Einen „Raum für Kompromisse“ sieht die Regierungschefin des EU- und Nato-Landes nicht. Sie forderte Regierungen und Parlamente aller Länder auf, die vollständige Isolierung russischer und belarussischer Athleten von internationalen Wettkämpfen zu unterstützen.
„Nach den Statuten der Olympischen Spiele kann das Nationale Olympische Komitee einer Krieg führenden Nation, insbesondere wenn es sich um einen Angriffskrieg handelt, nicht zu Olympischen Spielen eingeladen werden“, erklärte Experte Gebauer. Die vom IOC angestrebte Lösung sei typisch für IOC-Chef Bach. „Er taktiert und versucht, Russland nicht zu erzürnen“, sagte er. Bei den Winterspielen 2022 in Peking habe sich gezeigt, dass durch das Auftreten der Russen „die Neutralität überhaupt keinen Bestand“ habe. Das Argument des IOC, Sportler dürften nicht für ihre Nationalität bestraft werden, trifft laut Gebauer nicht zu: „Die meisten von ihnen werden staatlich gefördert und werden zu staatlicher Solidarität angehalten und zeigen sie auch.“
Andreas Michelmann, Präsident der deutschen Handballer und Sprecher der Spitzenverbände, teilt diese Beurteilung nicht. „Wir verurteilen ganz klar den Krieg Russlands gegen die Ukraine. Da gibt es auch keine Entschuldigung dafür“, unterstrich der 63-Jährige. Er sagte aber auch: „Ich bin dafür, die Athleten nicht für ihre Staaten zu bestrafen, sondern sie ihren Sport wieder ausüben zu lassen.“
Der deutsche Kanu-Weltverbandspräsident Thomas Konietzko will sich nicht vorbehaltlos dem Vorhaben des IOC anschließen. „Allerdings muss abschließend jeder Weltverband seine eigene Entscheidung treffen und wir werden bei unserer Entscheidung zuallererst die Auswirkungen auf unsere Wettkämpfe und unseren Verband berücksichtigen.“ Die Diskussion sei „ergebnisoffen“. Allerdings sei die Realität in seinem Weltverband, dass eine Mehrheit der nationalen Verbände – vor allem der Verbände aus Afrika, Amerika und Asien – gegen eine Suspendierung von Sportlern nur wegen ihrer Herkunft seien.

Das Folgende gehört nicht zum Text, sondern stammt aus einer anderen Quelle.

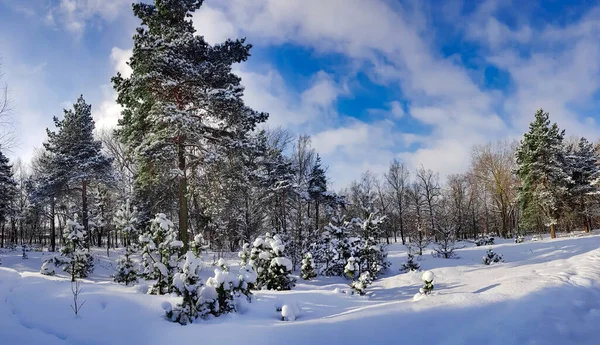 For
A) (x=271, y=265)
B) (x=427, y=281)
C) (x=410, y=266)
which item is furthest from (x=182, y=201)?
(x=410, y=266)

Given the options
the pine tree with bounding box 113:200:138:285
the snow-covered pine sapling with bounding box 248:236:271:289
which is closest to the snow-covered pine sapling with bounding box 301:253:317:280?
the snow-covered pine sapling with bounding box 248:236:271:289

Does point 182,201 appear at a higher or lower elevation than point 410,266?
higher

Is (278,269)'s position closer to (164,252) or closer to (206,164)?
(164,252)

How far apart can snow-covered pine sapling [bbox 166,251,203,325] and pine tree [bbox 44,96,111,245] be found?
20734 mm

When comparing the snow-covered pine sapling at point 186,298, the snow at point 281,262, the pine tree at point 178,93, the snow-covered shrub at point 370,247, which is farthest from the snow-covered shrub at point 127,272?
the snow-covered shrub at point 370,247

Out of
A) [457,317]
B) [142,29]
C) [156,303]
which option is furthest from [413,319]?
[142,29]

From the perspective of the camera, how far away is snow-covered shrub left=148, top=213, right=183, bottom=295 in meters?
7.27

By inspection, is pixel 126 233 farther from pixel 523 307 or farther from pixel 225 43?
pixel 523 307

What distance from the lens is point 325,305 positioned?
6836mm

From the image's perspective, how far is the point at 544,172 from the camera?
24484 millimetres

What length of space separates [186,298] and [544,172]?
28.7 m

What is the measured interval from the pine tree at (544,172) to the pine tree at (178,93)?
23.7m

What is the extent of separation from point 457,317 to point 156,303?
519 cm

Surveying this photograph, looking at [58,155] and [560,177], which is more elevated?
[58,155] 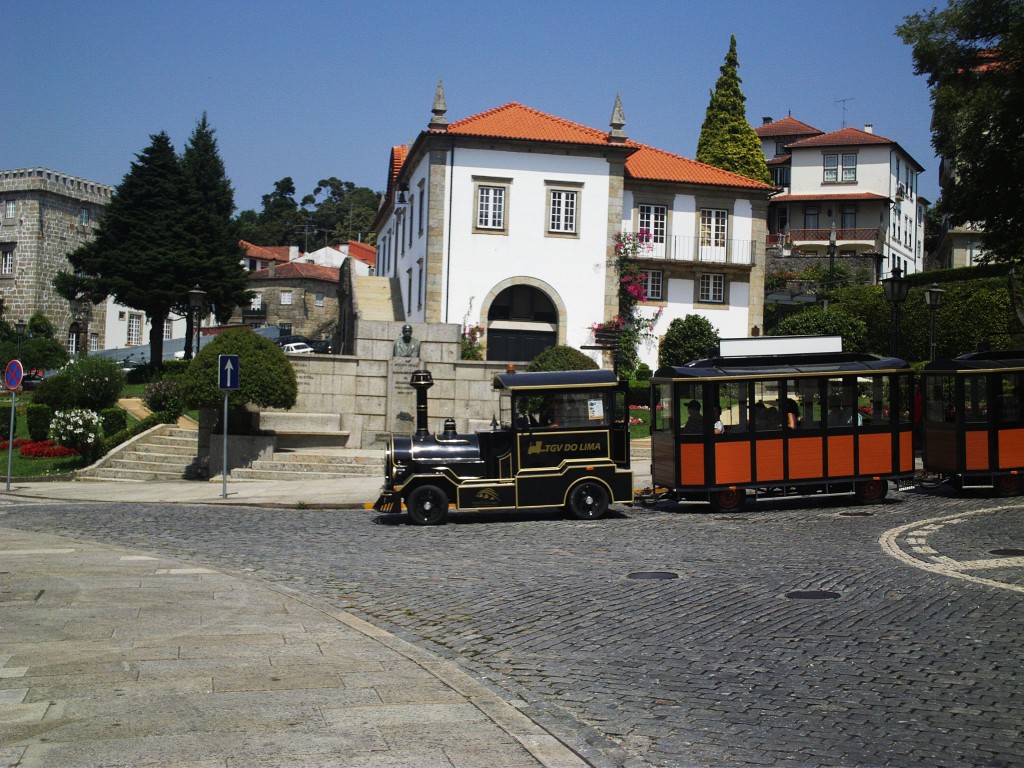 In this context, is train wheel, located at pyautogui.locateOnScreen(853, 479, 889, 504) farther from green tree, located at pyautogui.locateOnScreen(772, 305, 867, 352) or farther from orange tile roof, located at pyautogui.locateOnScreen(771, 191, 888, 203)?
orange tile roof, located at pyautogui.locateOnScreen(771, 191, 888, 203)

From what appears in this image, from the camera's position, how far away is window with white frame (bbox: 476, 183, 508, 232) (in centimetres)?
3838

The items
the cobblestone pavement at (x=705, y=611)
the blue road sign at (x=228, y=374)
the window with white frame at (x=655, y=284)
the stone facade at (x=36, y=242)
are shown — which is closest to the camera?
the cobblestone pavement at (x=705, y=611)

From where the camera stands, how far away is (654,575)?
468 inches

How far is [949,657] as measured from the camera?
26.6ft

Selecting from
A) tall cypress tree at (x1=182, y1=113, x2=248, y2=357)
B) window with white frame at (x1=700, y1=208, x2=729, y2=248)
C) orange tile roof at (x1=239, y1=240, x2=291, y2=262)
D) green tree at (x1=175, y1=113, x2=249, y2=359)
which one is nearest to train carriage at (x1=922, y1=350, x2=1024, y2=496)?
window with white frame at (x1=700, y1=208, x2=729, y2=248)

Schon am Freitag könnte aus dem Streit um eine Russland-Rückkehr eine Debatte um einen Boykott der Paris-Spiele werden. Das Nationale Olympische Komitee der Ukraine will auf einer einberufenen Generalversammlung darüber beraten, ob das Land im Falle einer Zulassung russischer Sportler nicht an den Sommerspielen teilnimmt. Darauf könnte eine Boykott-Welle anderer Länder aus Solidarität mit der Ukraine folgen. „Das kann passieren. Da muss man sehen, was die Diskussion hergibt“, sagte Handballfunktionär Michelmann.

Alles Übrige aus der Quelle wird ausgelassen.